RoiAlign is proposed to avoid the misalignment by removing
quantizations while converting from original image into feature
map and from feature map into RoI feature; in each ROI bin,
the value of the sampled locations are computed directly
through bilinear interpolation.

### Attributes

* **coordinate_transformation_mode - STRING** (default is `'half_pixel'`):

  Allowed values are 'half_pixel' and 'output_half_pixel'. Use the value 'half_pixel' to pixel shift the input coordinates by -0.5 (the recommended behavior). Use the value 'output_half_pixel' to omit the pixel shift for the input (use this for a backward-compatible behavior).

* **mode - STRING** (default is `'avg'`):

  The pooling method. Two modes are supported: 'avg' and 'max'. Default is 'avg'.

* **output_height - INT** (default is `'1'`):

  default 1; Pooled output Y's height.

* **output_width - INT** (default is `'1'`):

  default 1; Pooled output Y's width.

* **sampling_ratio - INT** (default is `'0'`):

  Number of sampling points in the interpolation grid used to compute the output value of each pooled output bin. If > 0, then exactly sampling_ratio x sampling_ratio grid points are used. If == 0, then an adaptive number of grid points are used (computed as ceil(roi_width / output_width), and likewise for height). Default is 0.
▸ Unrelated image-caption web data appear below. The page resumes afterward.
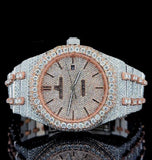 Dual Tone Moissanite Diamond Iced Out Hip Hop Watch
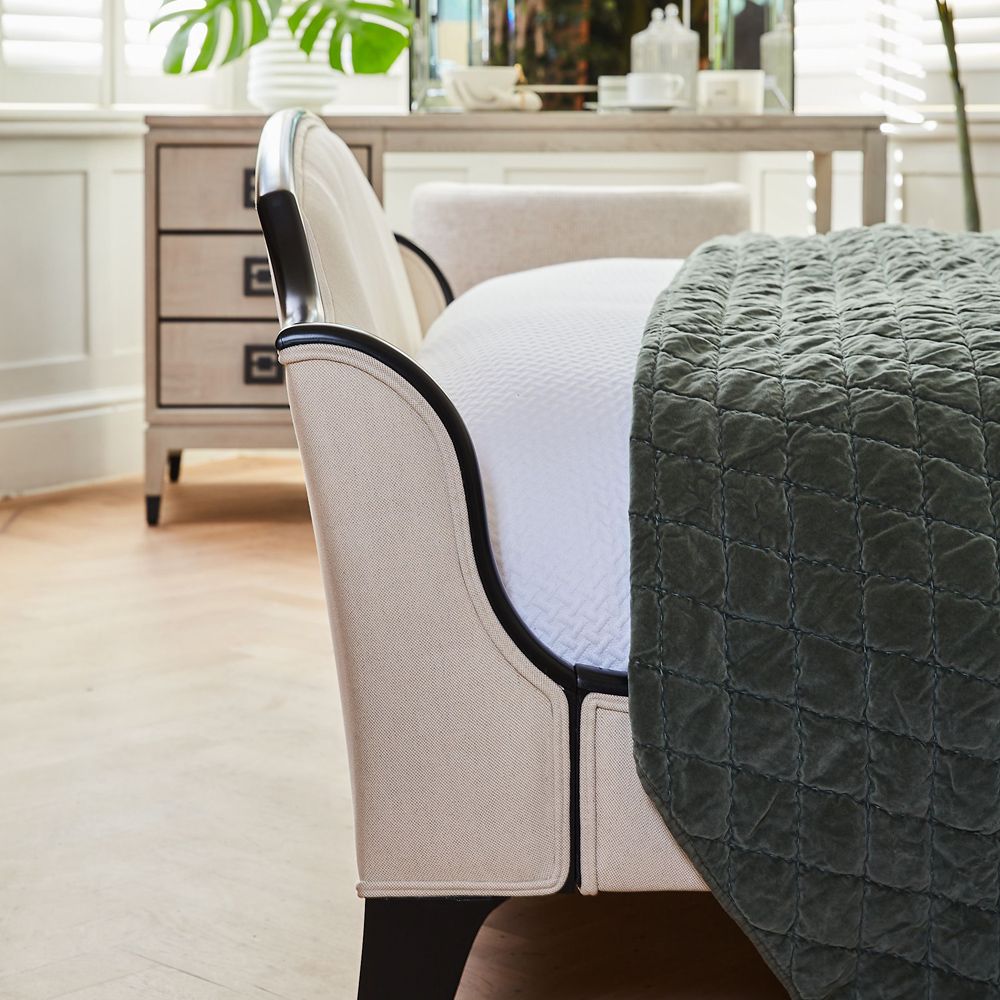 Deep green velvet quilt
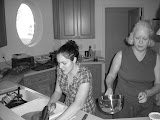 Katie working on the mashed potatoes.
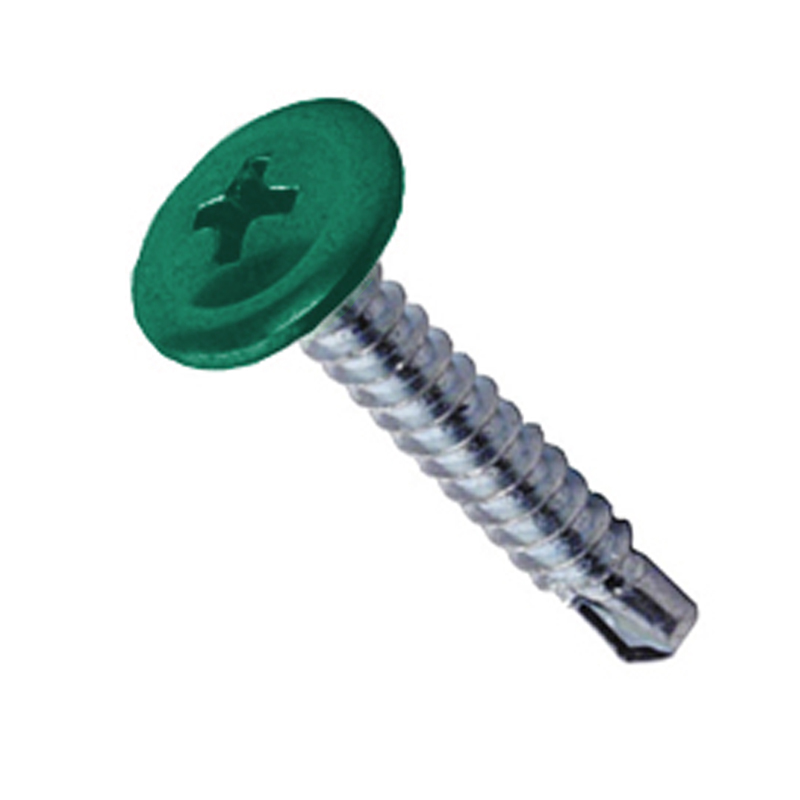 Саморез 4,2х16 RAL6005 зеленый мох с прессшайбой со сверлом 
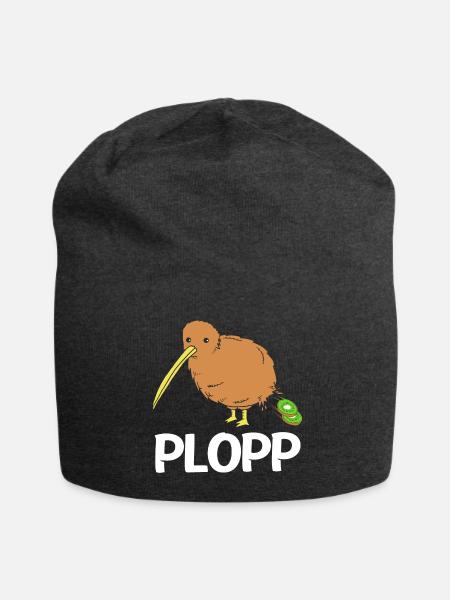 Kiwi Bird Poop Kiwi Fruit Bird Pun - Jersey Beanie - charcoal grey
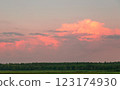 Beautiful sunset with a lake and sky in the background 123174930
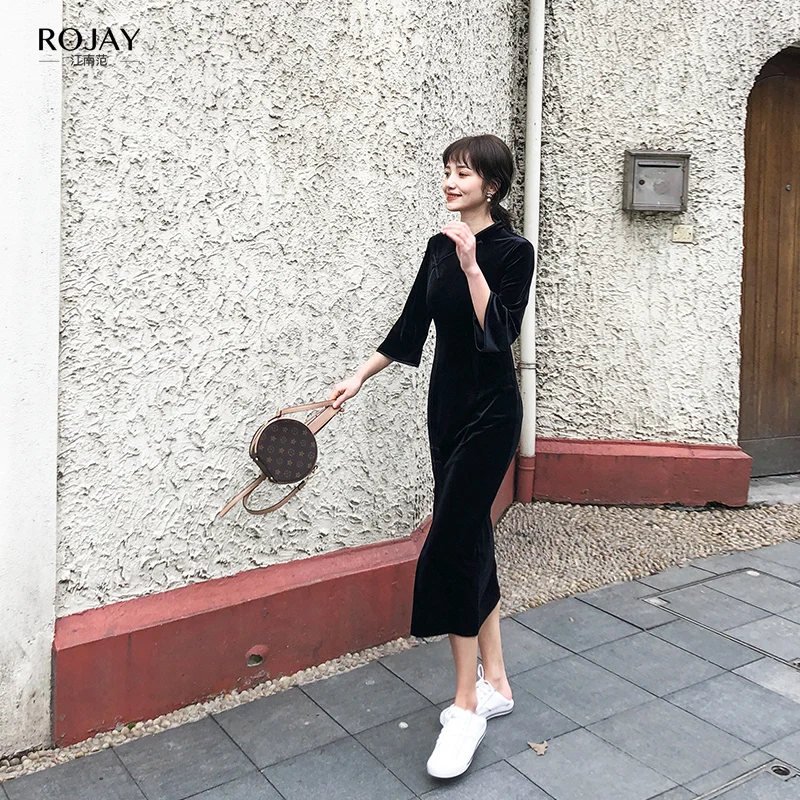ROJAY китайское новое платье Чонсам Платье для молодых женщин бархатное платье Чонсам облегающее платье с разрезом улучшенное платье средней длины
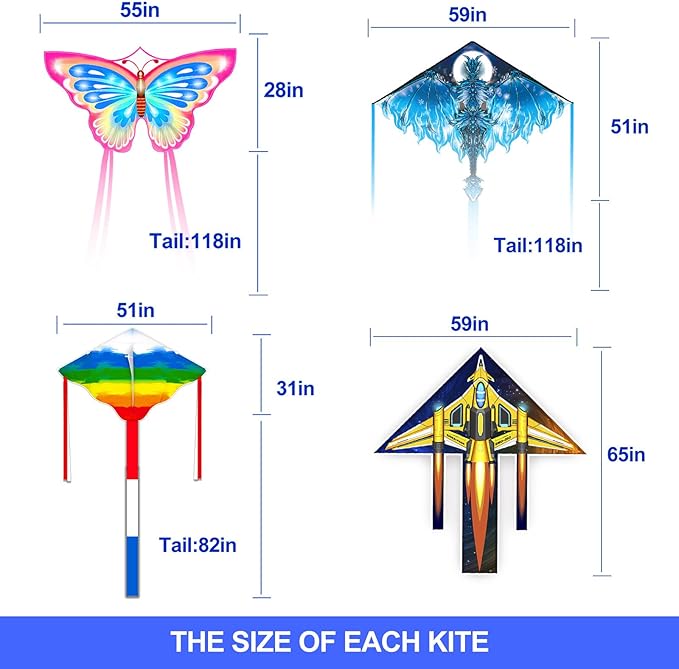 4Pack Large Kite Set - Easy to Fly for Kids Adults, Beach & Park & Outdoor Activities, Perfect for Easter and Festival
* **spatial_scale - FLOAT** (default is `'1.0'`):

  Multiplicative spatial scale factor to translate ROI coordinates from their input spatial scale to the scale used when pooling, i.e., spatial scale of the input feature map X relative to the input image. E.g.; default is 1.0f.

### Inputs

- **X** (heterogeneous) - **T1**:

  Input data tensor from the previous operator; 4-D feature map of shape (N, C, H, W), where N is the batch size, C is the number of channels, and H and W are the height and the width of the data.
- **rois** (heterogeneous) - **T1**:

  RoIs (Regions of Interest) to pool over; rois is 2-D input of shape (num_rois, 4) given as [[x1, y1, x2, y2], ...]. The RoIs' coordinates are in the coordinate system of the input image. Each coordinate set has a 1:1 correspondence with the 'batch_indices' input.
- **batch_indices** (heterogeneous) - **T2**:

  1-D tensor of shape (num_rois,) with each element denoting the index of the corresponding image in the batch.

### Outputs

- **Y** (heterogeneous) - **T1**:

  RoI pooled output, 4-D tensor of shape (num_rois, C, output_height, output_width). The r-th batch element Y[r-1] is a pooled feature map corresponding to the r-th RoI X[r-1].

### Type Constraints

* **T1** in ( `tensor(bfloat16)`, `tensor(double)`, `tensor(float)`, `tensor(float16)` ):

  Constrain types to float tensors.
* **T2** in ( `tensor(int64)` ):

  Constrain types to int tensors.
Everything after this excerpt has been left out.